他应该就是发生切换时候，用于存储CPU的大部分寄存器值的，从注释可以看出使用__switch_to()接口切换，硬件上下文紧邻在cpu_domain字段后面：


/*
 * low level task data that entry.S needs immediate access to.
 * __switch_to() assumes cpu_context follows immediately after cpu_domain.
 */
struct thread_info {
	unsigned long		flags;		/* low level flags */
	int			preempt_count;	/* 0 => preemptable, <0 => bug */
	mm_segment_t		addr_limit;	/* address limit */
	struct task_struct	*task;		/* main task structure */
	struct exec_domain	*exec_domain;	/* execution domain */
	__u32			cpu;		/* cpu */
	__u32			cpu_domain;	/* cpu domain */
	struct cpu_context_save	cpu_context;	/* cpu context */
	__u32			syscall;	/* syscall number */
	__u8			used_cp[16];	/* thread used copro */
	unsigned long		tp_value;
	struct crunch_state	crunchstate;
	union fp_state		fpstate __attribute__((aligned(8)));
	union vfp_state		vfpstate;
#ifdef CONFIG_ARM_THUMBEE
	unsigned long		thumbee_state;	/* ThumbEE Handler Base register */
#endif
	struct restart_block	restart_block;
};

struct cpu_context_save结构内容如下：


struct cpu_context_save {
	__u32	r4;
	__u32	r5;
	__u32	r6;
	__u32	r7;
	__u32	r8;
	__u32	r9;
	__u32	sl;
	__u32	fp;
	__u32	sp;
	__u32	pc;
	__u32	extra[2];		/* Xscale 'acc' register, etc */
};

可以看出他不包含r0 r1 r2前三个寄存器，这是用来传参用的，分别代表切换涉及到的三个进程结构体指针。

4.3 执行进程切换

1️⃣ 切换全局页目录，安装新的地质空间

2️⃣切换内核堆栈，切换硬件上下文 ------> switch_to()----->__switch_to()

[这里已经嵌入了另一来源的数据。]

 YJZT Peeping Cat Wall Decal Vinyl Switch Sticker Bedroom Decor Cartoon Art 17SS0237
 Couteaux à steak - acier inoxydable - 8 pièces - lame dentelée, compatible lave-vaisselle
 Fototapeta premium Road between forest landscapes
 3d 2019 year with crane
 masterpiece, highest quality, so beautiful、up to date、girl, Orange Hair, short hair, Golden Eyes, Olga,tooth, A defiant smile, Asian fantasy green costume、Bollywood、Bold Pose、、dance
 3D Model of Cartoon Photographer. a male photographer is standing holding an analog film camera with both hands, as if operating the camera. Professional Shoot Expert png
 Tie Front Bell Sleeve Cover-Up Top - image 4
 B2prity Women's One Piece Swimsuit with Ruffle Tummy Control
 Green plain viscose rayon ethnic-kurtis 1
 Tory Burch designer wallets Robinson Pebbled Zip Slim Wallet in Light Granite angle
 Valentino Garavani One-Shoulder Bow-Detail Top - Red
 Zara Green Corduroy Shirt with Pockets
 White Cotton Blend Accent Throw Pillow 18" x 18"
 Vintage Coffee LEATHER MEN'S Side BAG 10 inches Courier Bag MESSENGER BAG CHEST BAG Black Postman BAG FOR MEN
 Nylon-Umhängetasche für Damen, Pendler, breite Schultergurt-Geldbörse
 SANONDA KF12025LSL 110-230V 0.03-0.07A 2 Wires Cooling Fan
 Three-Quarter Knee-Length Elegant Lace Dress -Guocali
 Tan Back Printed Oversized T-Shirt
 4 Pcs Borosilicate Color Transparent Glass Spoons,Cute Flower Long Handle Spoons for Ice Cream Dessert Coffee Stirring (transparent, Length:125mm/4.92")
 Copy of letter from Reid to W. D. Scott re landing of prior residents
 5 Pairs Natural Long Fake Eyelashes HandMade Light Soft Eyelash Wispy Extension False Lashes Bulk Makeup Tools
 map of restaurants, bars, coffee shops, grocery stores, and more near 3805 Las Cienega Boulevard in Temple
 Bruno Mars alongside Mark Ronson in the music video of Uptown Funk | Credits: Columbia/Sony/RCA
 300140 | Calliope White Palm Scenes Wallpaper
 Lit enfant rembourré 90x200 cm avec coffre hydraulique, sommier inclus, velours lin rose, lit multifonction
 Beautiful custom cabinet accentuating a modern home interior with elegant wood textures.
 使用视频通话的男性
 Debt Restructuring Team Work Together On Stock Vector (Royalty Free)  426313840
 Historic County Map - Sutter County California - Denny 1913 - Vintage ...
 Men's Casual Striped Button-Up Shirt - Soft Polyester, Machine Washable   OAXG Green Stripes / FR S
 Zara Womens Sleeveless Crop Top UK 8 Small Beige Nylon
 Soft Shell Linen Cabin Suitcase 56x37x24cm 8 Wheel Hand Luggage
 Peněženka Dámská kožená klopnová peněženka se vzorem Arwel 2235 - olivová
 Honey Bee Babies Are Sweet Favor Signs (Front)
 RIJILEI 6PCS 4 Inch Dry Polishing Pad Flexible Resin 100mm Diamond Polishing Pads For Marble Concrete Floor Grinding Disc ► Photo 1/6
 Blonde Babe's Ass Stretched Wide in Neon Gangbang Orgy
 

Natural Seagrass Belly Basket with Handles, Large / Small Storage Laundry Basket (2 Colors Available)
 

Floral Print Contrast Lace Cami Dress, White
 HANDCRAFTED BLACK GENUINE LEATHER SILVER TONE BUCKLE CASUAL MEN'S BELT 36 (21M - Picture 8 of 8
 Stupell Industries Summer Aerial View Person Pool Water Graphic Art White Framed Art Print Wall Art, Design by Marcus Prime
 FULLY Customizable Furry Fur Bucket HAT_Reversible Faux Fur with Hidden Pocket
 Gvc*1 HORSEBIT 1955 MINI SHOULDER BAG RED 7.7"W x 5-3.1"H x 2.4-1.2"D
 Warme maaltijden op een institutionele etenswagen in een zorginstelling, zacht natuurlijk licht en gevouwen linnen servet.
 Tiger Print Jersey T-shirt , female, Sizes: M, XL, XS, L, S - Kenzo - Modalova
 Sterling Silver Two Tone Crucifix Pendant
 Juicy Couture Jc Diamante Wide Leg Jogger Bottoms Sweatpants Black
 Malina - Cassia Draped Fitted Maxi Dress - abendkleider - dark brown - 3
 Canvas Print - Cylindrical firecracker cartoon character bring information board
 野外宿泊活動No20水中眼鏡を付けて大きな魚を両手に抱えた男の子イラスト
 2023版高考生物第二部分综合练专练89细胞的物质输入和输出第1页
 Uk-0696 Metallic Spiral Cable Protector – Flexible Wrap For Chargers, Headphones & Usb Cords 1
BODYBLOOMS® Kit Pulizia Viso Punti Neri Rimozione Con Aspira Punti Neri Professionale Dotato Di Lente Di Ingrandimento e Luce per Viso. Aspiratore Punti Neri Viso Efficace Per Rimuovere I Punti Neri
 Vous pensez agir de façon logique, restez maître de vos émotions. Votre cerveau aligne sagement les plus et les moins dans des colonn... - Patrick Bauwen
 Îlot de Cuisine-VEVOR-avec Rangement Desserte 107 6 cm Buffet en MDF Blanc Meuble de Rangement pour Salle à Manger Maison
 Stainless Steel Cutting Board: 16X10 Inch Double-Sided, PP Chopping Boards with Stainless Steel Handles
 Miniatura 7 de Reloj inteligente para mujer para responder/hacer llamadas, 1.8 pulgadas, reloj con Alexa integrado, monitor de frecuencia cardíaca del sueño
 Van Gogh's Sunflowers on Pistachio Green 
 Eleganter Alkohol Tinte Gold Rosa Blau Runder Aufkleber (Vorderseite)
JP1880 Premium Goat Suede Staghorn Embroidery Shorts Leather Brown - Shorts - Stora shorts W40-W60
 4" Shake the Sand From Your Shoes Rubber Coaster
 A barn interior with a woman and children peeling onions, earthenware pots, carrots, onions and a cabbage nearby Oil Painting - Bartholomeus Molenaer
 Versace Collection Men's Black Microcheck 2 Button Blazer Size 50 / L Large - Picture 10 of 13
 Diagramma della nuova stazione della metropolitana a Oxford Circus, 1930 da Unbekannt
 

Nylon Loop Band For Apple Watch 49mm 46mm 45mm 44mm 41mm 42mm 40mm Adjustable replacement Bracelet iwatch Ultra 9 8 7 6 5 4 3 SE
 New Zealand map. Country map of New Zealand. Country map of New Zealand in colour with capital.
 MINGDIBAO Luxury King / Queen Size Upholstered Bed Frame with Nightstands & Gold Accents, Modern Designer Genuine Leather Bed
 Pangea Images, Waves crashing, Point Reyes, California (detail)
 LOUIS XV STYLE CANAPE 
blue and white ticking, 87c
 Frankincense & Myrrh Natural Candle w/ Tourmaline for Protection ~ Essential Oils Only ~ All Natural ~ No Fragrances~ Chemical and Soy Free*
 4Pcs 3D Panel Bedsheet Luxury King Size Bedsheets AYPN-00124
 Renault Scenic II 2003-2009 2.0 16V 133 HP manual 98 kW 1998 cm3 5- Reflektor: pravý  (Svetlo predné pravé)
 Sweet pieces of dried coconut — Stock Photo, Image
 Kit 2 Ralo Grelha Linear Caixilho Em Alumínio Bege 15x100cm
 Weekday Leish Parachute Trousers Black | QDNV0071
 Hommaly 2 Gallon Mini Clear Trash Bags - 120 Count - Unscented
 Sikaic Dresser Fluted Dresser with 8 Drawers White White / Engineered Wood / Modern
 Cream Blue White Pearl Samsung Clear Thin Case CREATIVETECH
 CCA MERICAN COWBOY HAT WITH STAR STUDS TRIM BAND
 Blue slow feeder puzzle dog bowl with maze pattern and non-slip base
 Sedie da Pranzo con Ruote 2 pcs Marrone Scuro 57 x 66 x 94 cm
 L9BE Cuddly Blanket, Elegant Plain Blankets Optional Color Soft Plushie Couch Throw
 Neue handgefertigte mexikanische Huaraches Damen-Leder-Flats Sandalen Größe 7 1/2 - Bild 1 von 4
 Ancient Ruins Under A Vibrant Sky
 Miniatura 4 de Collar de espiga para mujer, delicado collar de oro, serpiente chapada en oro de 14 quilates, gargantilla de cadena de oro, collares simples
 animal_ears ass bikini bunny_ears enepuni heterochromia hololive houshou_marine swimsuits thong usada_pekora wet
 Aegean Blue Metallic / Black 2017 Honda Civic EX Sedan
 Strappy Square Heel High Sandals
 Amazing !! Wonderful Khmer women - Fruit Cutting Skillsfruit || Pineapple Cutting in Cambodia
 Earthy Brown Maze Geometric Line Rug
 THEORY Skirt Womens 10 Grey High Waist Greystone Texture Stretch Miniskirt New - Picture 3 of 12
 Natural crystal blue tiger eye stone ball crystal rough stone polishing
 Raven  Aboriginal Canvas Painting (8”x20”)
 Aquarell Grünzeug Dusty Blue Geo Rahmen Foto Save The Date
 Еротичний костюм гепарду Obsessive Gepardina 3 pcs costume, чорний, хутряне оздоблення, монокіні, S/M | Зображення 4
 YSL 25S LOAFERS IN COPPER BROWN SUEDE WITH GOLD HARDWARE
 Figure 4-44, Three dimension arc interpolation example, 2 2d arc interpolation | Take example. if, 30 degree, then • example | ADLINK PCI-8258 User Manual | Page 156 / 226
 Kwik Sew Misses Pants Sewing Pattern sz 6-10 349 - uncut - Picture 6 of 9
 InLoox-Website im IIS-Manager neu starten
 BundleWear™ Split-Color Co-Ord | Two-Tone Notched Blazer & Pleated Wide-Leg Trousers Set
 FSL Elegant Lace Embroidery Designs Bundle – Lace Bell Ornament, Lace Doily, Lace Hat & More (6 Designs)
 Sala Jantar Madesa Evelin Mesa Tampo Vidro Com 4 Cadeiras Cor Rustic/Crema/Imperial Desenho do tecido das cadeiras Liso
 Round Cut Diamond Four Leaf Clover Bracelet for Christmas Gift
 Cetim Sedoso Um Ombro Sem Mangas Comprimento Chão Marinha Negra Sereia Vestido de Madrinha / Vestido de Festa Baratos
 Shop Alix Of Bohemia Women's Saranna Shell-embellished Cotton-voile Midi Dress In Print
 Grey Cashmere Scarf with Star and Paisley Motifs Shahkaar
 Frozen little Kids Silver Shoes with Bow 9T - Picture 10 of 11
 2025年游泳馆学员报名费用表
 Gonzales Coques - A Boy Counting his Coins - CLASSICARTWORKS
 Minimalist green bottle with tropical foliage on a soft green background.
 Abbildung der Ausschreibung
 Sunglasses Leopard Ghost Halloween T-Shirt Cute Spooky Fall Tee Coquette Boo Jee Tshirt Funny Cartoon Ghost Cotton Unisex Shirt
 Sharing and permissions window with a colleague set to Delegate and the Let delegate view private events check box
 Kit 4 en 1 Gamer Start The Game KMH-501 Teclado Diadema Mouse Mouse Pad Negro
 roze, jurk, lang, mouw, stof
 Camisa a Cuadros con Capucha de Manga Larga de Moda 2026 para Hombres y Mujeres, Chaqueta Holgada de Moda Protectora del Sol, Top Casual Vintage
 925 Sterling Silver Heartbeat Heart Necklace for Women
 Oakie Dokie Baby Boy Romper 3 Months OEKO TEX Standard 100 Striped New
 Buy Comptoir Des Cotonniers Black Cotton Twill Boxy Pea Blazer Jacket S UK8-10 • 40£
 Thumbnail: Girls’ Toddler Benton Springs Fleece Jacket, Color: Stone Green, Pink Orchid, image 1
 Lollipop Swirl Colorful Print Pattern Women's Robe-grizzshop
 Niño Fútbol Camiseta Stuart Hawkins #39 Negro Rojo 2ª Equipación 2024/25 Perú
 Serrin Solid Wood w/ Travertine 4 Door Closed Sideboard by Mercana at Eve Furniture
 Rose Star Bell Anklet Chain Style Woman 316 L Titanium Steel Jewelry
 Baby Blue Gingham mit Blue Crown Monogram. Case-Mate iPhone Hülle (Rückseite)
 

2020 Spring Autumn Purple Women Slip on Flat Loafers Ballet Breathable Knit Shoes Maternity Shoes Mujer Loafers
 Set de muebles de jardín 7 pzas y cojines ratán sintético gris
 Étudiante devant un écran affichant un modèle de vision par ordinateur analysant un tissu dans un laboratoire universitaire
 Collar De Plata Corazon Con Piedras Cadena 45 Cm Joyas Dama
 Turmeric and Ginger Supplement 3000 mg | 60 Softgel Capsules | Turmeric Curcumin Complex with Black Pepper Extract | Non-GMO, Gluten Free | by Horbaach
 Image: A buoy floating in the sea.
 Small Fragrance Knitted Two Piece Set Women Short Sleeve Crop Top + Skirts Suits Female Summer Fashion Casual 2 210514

__switch_to()中 r0 = previous task_struct, r1 = previous thread_info, r2 = next thread_info


#define switch_to(prev,next,last)					\
do {									\
	last = __switch_to(prev,task_thread_info(prev), task_thread_info(next));	\
} while (0)

/*
 * Register switch for ARMv3 and ARMv4 processors
 * r0 = previous task_struct, r1 = previous thread_info, r2 = next thread_info
 * previous and next are guaranteed not to be the same.
 */
ENTRY(__switch_to)
 UNWIND(.fnstart	)
 UNWIND(.cantunwind	)
	add	ip, r1, #TI_CPU_SAVE
	ldr	r3, [r2, #TI_TP_VALUE]
 ARM(	stmia	ip!, {r4 - sl, fp, sp, lr} )	@ Store most regs on stack
 THUMB(	stmia	ip!, {r4 - sl, fp}	   )	@ Store most regs on stack
 THUMB(	str	sp, [ip], #4		   )
 THUMB(	str	lr, [ip], #4		   )
#ifdef CONFIG_CPU_USE_DOMAINS
	ldr	r6, [r2, #TI_CPU_DOMAIN]
#endif
	set_tls	r3, r4, r5
#if defined(CONFIG_CC_STACKPROTECTOR) && !defined(CONFIG_SMP)
	ldr	r7, [r2, #TI_TASK]
	ldr	r8, =__stack_chk_guard
	ldr	r7, [r7, #TSK_STACK_CANARY]
#endif
#ifdef CONFIG_CPU_USE_DOMAINS
	mcr	p15, 0, r6, c3, c0, 0		@ Set domain register
#endif
	mov	r5, r0
	add	r4, r2, #TI_CPU_SAVE
	ldr	r0, =thread_notify_head
	mov	r1, #THREAD_NOTIFY_SWITCH
	bl	atomic_notifier_call_chain
#if defined(CONFIG_CC_STACKPROTECTOR) && !defined(CONFIG_SMP)
	str	r7, [r8]
#endif
 THUMB(	mov	ip, r4			   )
	mov	r0, r5
 ARM(	ldmia	r4, {r4 - sl, fp, sp, pc}  )	@ Load all regs saved previously
 THUMB(	ldmia	ip!, {r4 - sl, fp}	   )	@ Load all regs saved previously
 THUMB(	ldr	sp, [ip], #4		   )
 THUMB(	ldr	pc, [ip]		   )
 UNWIND(.fnend		)
ENDPROC(__switch_to)

为什么进程切换要用到三个进程指针？

现在假设只有两个参数, 考虑有三个进程ABC，如果只有两个参数的话，从进程A->进程B, 后来要从另一个进程通常不会是B，现假定为C再切回到A，在A获得处理器开始运行, 这时候它的prev指向A, next指向B，这样我们失去了进程C的信息了，而实际上在schedule函数调用了switch_to后面还调用_schedul_tail来收尾，这时需要用到切换回A之前进程C的信息，可惜已经丢掉了, 进程A的prev是指向它自己。

2.5.进程创建

2.5.1 clone fork vfork系统调用

Unix系统通过复制父进程的所有资源来创建进程，但是这样的效率太低，因此引入了三种机制：

1️⃣ 写时复制：允许父子进程读取相同的物理页，单只有子进程准备写的时候才会去复制新的物理页

2️⃣轻量级进程允许父子进程共享很多内核数据结构：页表打开文件表信号处理等

3️⃣vfork允许子进程共享父进程的内存地址空间

从下面的代码中可以看出，clone fork vfork系统调用最终都是调用的do_fork()，只是参数不一样。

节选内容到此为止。